Detailing is something I've been interested in for a while but it's an art I've never taken seriously until I had the pleasure of attending CG UK's detailing university day course in Glasgow. My reluctance to start detailing, and specifically machine polishing, was mainly because I didn't fancy starting out on my TTRS Plus. Having done the course though, I now have the confidence to give it a go!

Having been impressed with the Chemical Guys products we used on the course I put in an order and today it all arrived! I'm now eagerly awaiting some leave from work to spend a few days doing a stage 1 enhancement detail on the RS. I'll post the process and results in the coming months.


----------



## KIFOO (Nov 19, 2012)

Nice kit mate ,prepare to become addicted & also a little ocd :roll:


----------



## blaird03 (Nov 9, 2013)

and for some 'decent' weather


----------



## darylbenfield (Jun 29, 2011)

Good bunch of products - enjoy!


----------



## TheMetalMan0 (Jun 30, 2009)

Nice haul!


----------



## andy225tt (Jul 2, 2008)

Damn that is a nice collection to look after an even nicer car! Not that im jealous though :wink:


----------



## Laynerip (Apr 7, 2014)

I used Chemical Guys stuff for pretty much everything. You'll love it.

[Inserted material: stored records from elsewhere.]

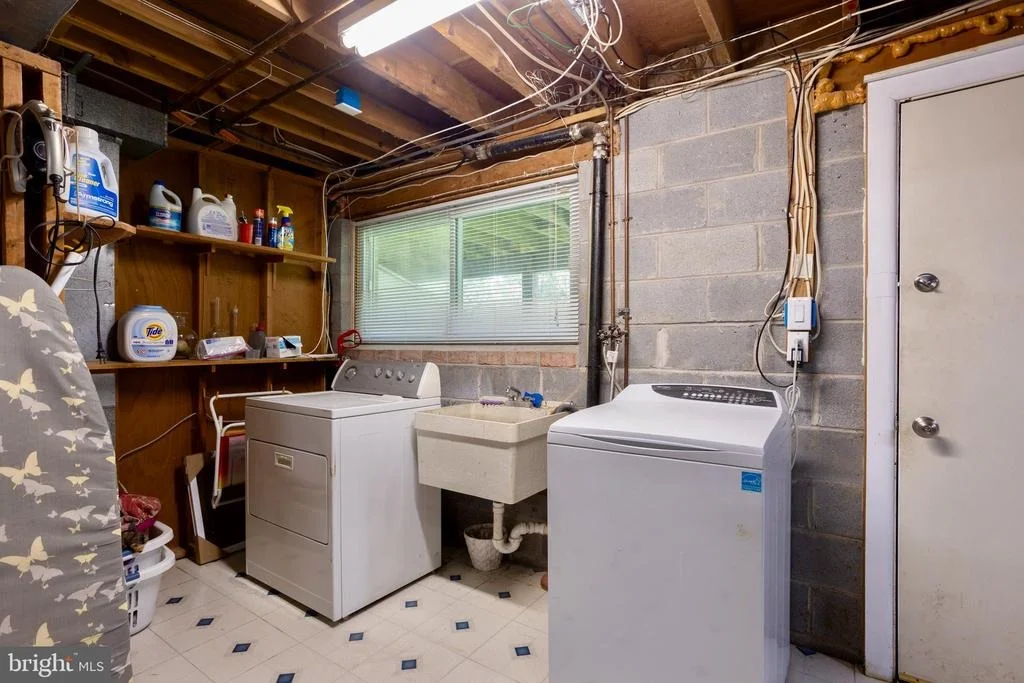 Photo of 2400 SUGARCONE ROAD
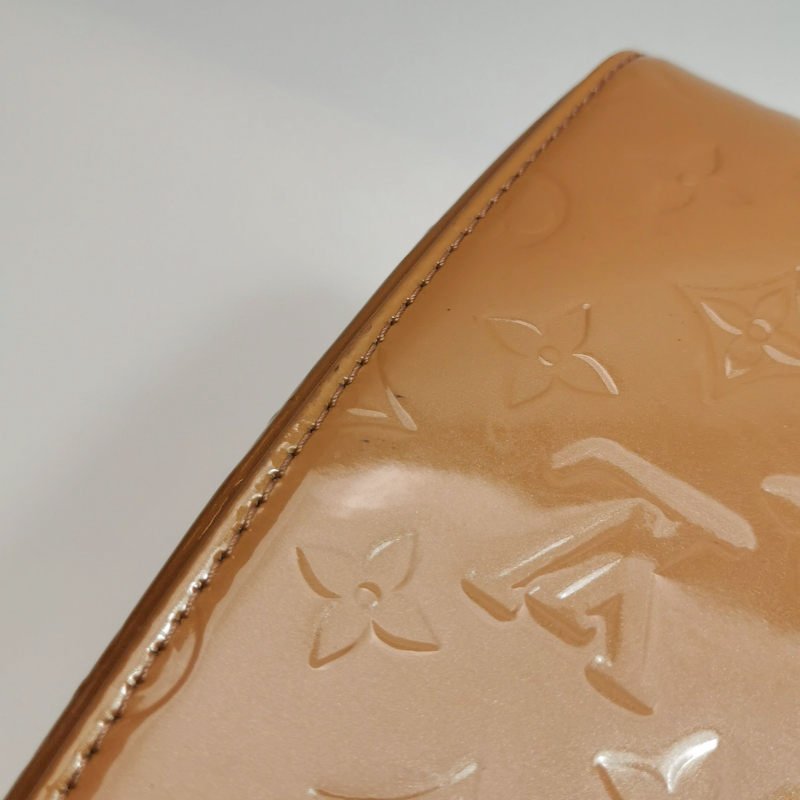 Louis Vuitton(LV)Brea醫生包中號植鞣革漆皮純色老花鉚釘裝飾單肩包-22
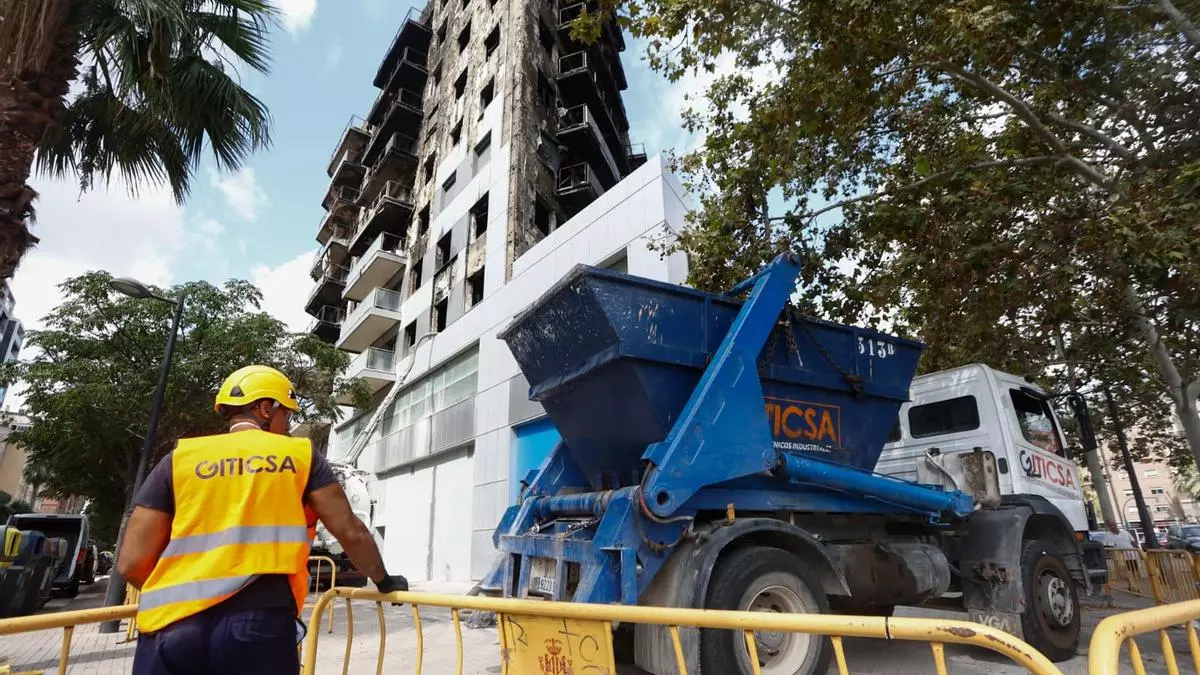 Comienzan los trabajos previos para el desescombro del edificio de Campanar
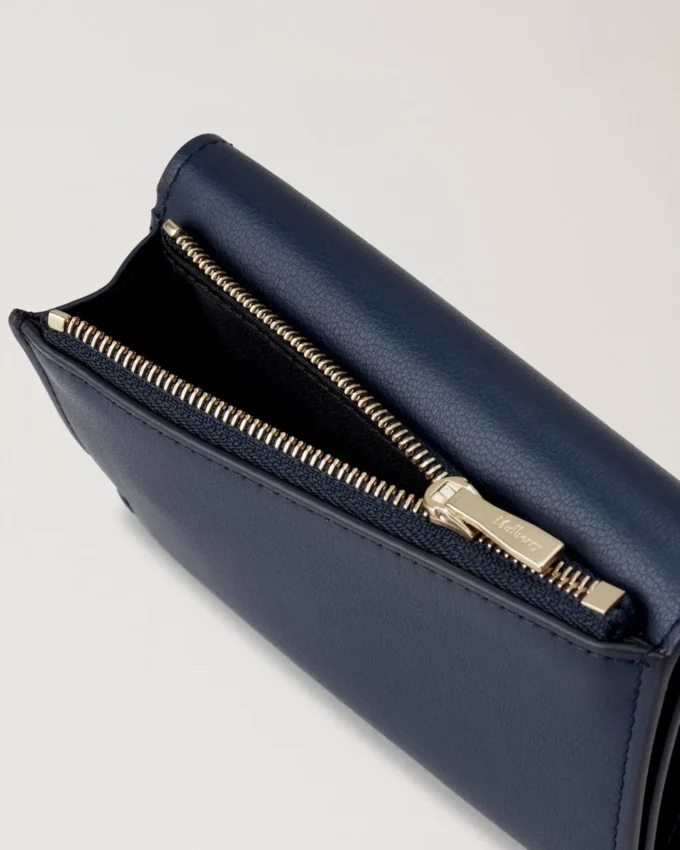 Darley gefaltete Mehrfach-Kartenbrieftasche Night Sky Micro Classic Grain Darley gefaltete Mehrfach-Kartenbrieftasche Night Sky Micro Classic Grain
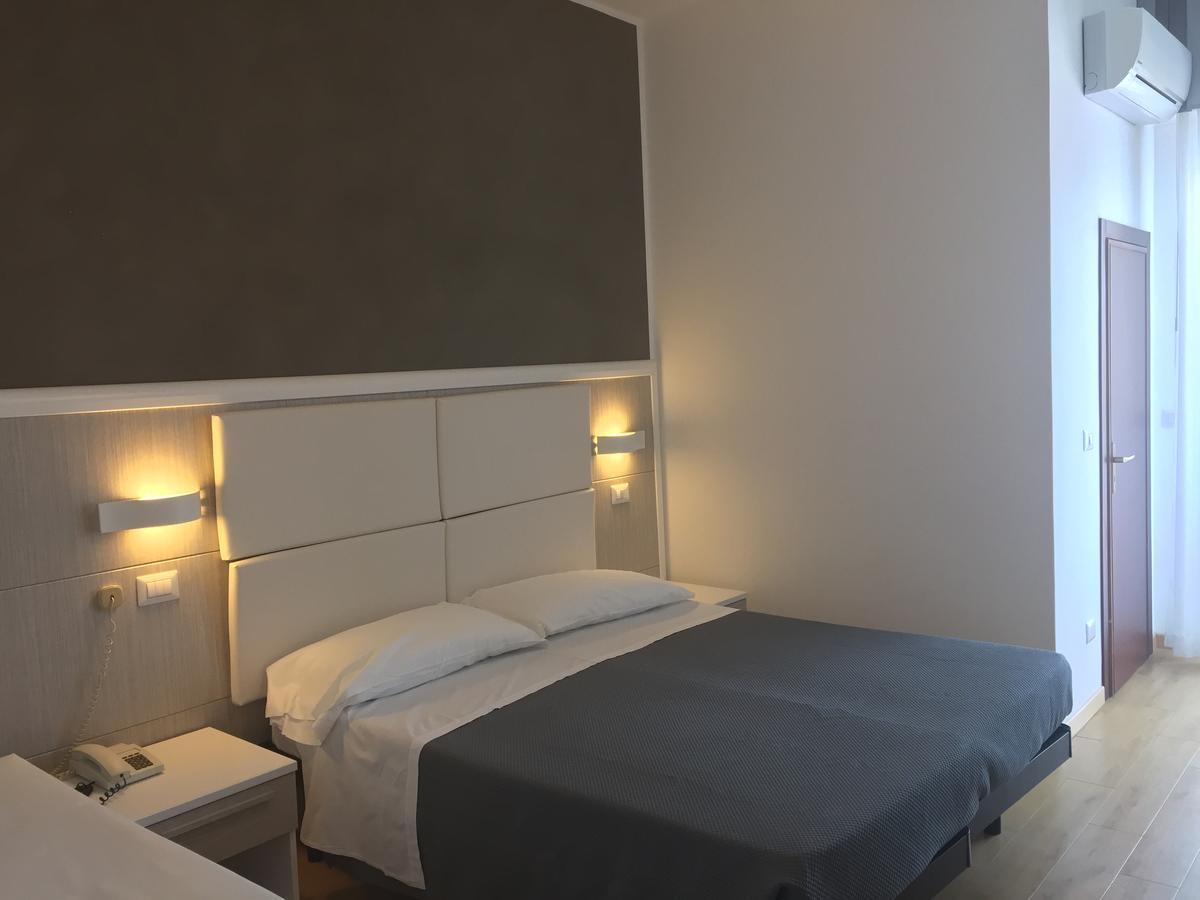 Hotel Mirabel Ріміні Екстер'єр фото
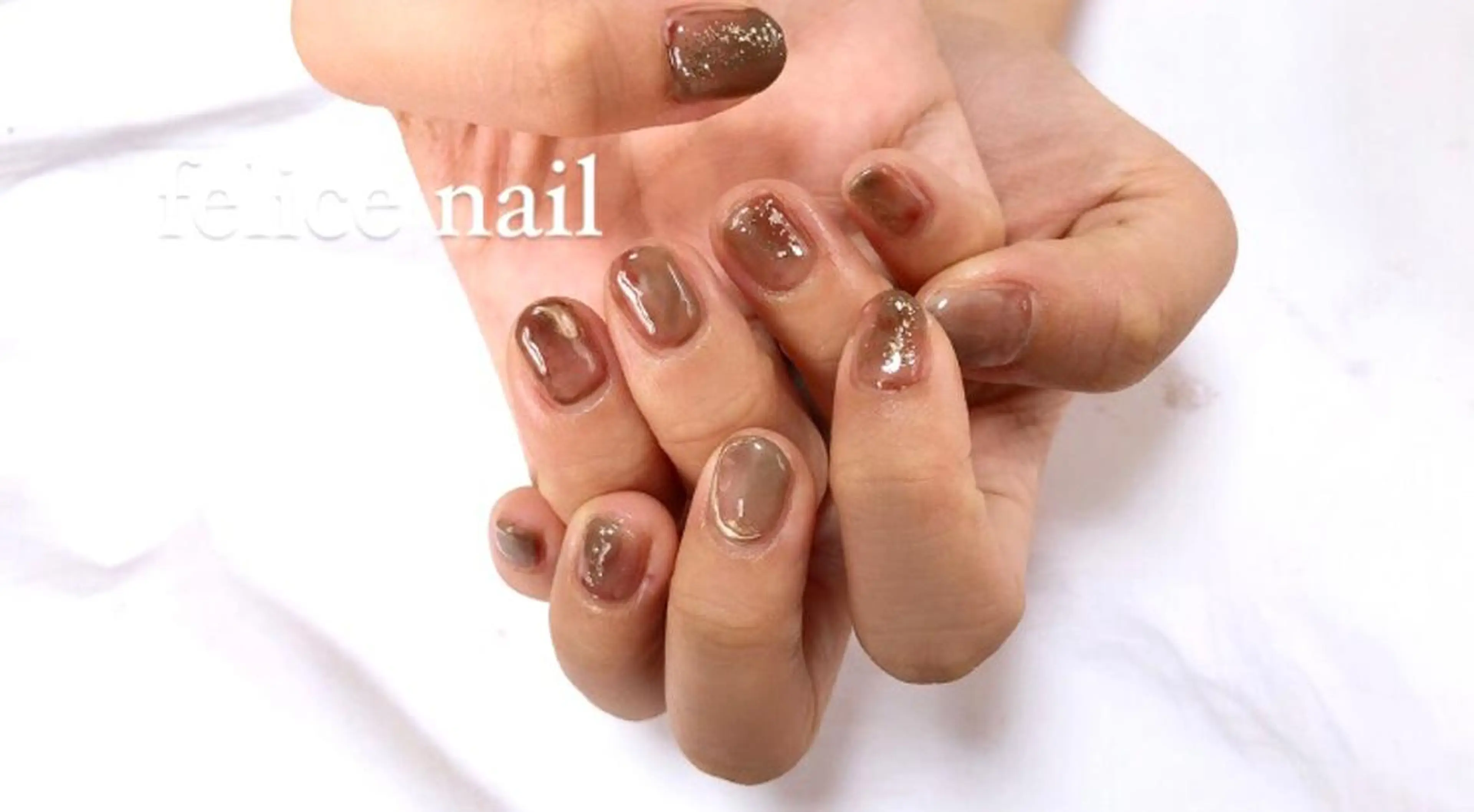 ネイル ボルドー ブラウン ゴールド ラメ(グリッター) ニュアンスネイル felice nailのネイルデザイン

You have a good range of products.

The leather conditioner is great, you really don't need much.

The citrus wash is great that can will last you ages.

For the DA I went for the Rupes with the CG polishes....I can't wait to use it.

Let me know how the 50/50 is, I use Pete's 53 and I love it, but would like to know about the other products.


----------